É isso que a ANPM faz há mais de 24 anos quando fala sobre nós, sobre a nossa carreira, sobre a instituição advocacia pública municipal, através de diversas maneiras: seja no diálogo e atuação junto à Câmara dos Deputados e ao Senado Federal, seja junto ao Poder Judiciário — notadamente no Supremo Tribunal Federal e no Superior Tribunal de Justiça —, seja junto ao Poder Executivo. Ou ainda junto aos órgãos constitucionais autônomos (Ministério Público e Tribunal de Contas). E também perante instituições privadas e veículos de comunicação.

E o que somos advocacia pública? Somos uma função essencial à Justiça. Mas o que isso significa? Implica dizer que atuamos na implementação das políticas públicas, na concretização de direitos fundamentais e na preservação do Estado de Direito.

E somos, para além disso, advocacia pública municipal. Somos advogados e advogadas públicas onde a vida acontece, onde a vida pulsa, onde o interesse público é mais imediato e as necessidades coletivas e individuais se fazem mais presentes: nas cidades.

A procuradora e o procurador municipal, no exercício de suas atribuições constitucionais, são os agentes públicos quem entregam ao gestor ou à gestora municipal as soluções jurídicas adequadas e aptas à concretização das necessidades da população, por meio de atuações na assessoria e na consultoria jurídica, no contencioso administrativo e judicial ou ainda no controle de juridicidade dos atos administrativos.

É dizer, são as advogadas e advogados públicos quem fornecem os caminhos legais e viáveis para que o prefeito ou prefeita, dentro da legítima esfera de discricionariedade administrativa e a partir da plataforma política eleita pelo povo através do voto, efetive políticas públicas.

Nessa toada, uma das razões da advocacia pública municipal, se não a maior e mais importante, consiste em ser um instrumento de concretização de direitos fundamentais.
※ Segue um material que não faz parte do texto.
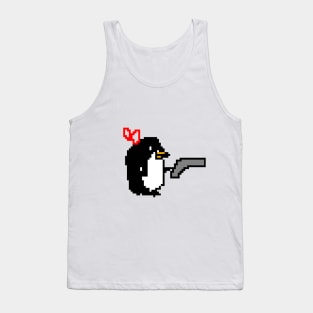 SMALL CHILD WITH GUN Tank Top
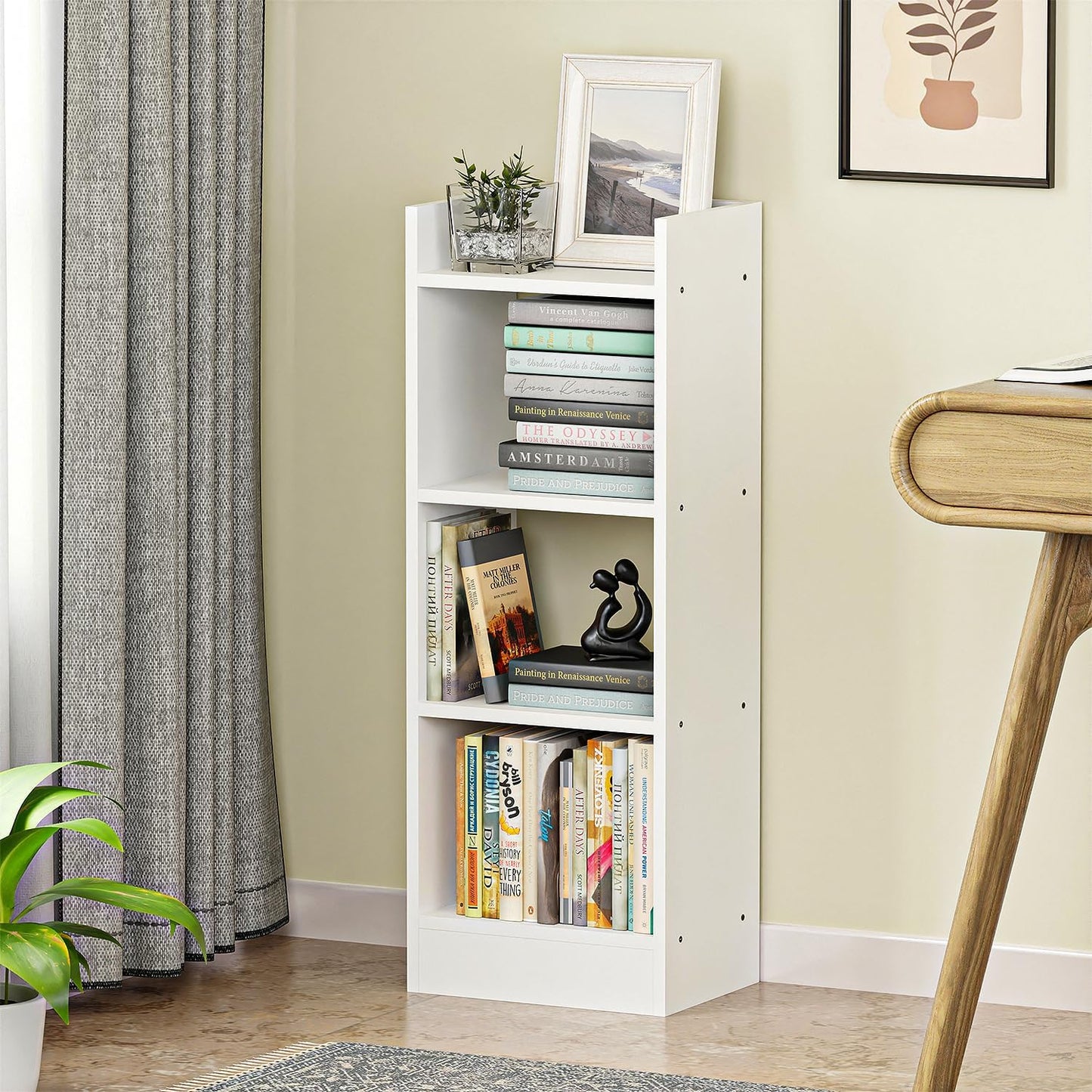 Junco 3 Layer Wood Multipurpose Rack Bookshelf Storage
Exatamente por isso o Supremo Tribunal Federal já assentou: "Os procuradores municipais integram a categoria da Advocacia Pública inserida pela Constituição da República dentre as cognominadas funções essenciais à Justiça, na medida em que também atuam para a preservação dos direitos fundamentais e do Estado de Direito" (RE 663.696/MG, processado sob o regime de repercussão geral).

E, se o "fio condutor da Advocacia Pública é ser uma função indispensável de efetivação dos direitos fundamentais" [4], a nossa história tem e há de ser narrada por nós e sobre nós: função essencial à Justiça no lugar — municípios — onde as pessoas vivem e onde a Justiça deve ser fazer mais presente. É aqui, advocacia pública municipal, o nosso lugar no mundo.


[1] ADICHIE, Chimamanda Ngozi. O perigo de uma história única. Companhia das Letras, 2019.

[2] ADICHIE, Chimamanda Ngozi. O perigo de uma história única. Companhia das Letras, 2019.

[3] ADICHIE, Chimamanda Ngozi. O perigo de uma história única. Companhia das Letras, 2019.